Friday, July 23, 2010

Audrey's Door

If you have not read "The Haunting Of Hill House," just calmly stop everything you are doing (including reading yours truly) and go read it. Go ahead, I'll wait.

Back? Good you can join the rest of us then. Now "Audrey's Door," is a haunted house novel that could be the daughter of "The Haunting of Hill House." Both are able a woman of dubious stability who just want to escape. Unfortunately they escape to a bad place. It might be haunted, it might not, but what it truly is is wrong.

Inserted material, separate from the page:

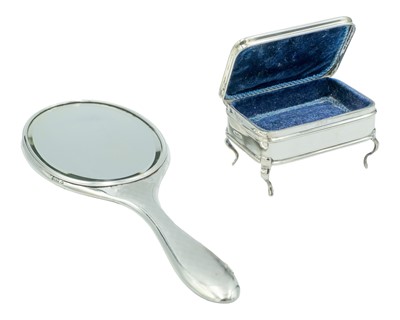 Lot 161 - A George V silver jewellery box by William Comyns & Sons.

In Audrey's case she runs to the Breviary. The Breviary is the last remaining example of Chaotic Naturalism which wasn't just architecture but a cult. Within the Breviary still resides the rich, mad, inbred children of the original owns. Those children that have not yet committed suicide that is. The Breviary seems to induce that in its tenents.

Audrey is running from her past. Having lived her life with a mother afflicted with mental illness, she doesn't feel so well either. Pathologically shy and suffering from OCD she tries to make something of herself as architect. It is her passion for architecture that first drew her to the Breviary, well that and criminally cheap rent. But really she is running, not just from her past with her mother but her possible future with the first man to have loved her.

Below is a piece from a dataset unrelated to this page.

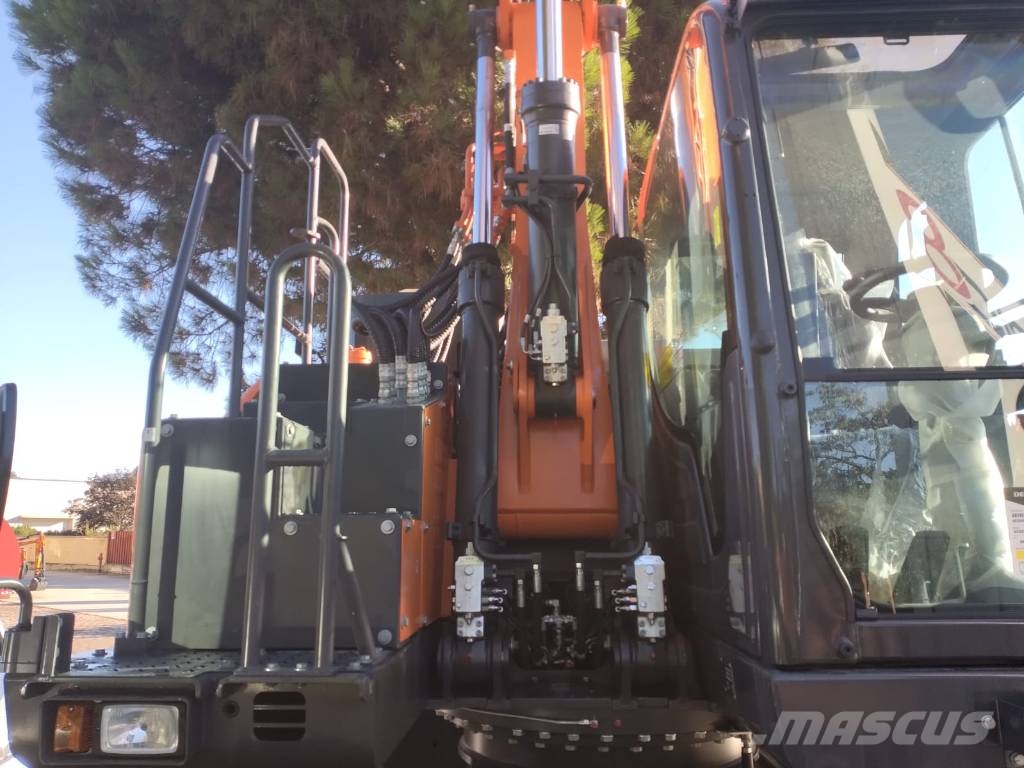 Develon DX 165 WR-7 Wielgraafmachines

You know a person with OCD shouldn't go into a regular haunted house. It's just too easy. The ghost rearranges your closet ten or twelve times and you'd have a raging psychotic fit. The Breviary as I pointed out is not the normal haunted house, so we are very concerned for our Audrey.

Specially when the house tells her to build a door.

Read this please. It is good, vibrant, sometimes funny, and darkly frightening and unsettling. I liked it very well and will put it on shelf next to Shirley Jackson. I will also seek out other books by Sarah Langan, if they don't seek me first.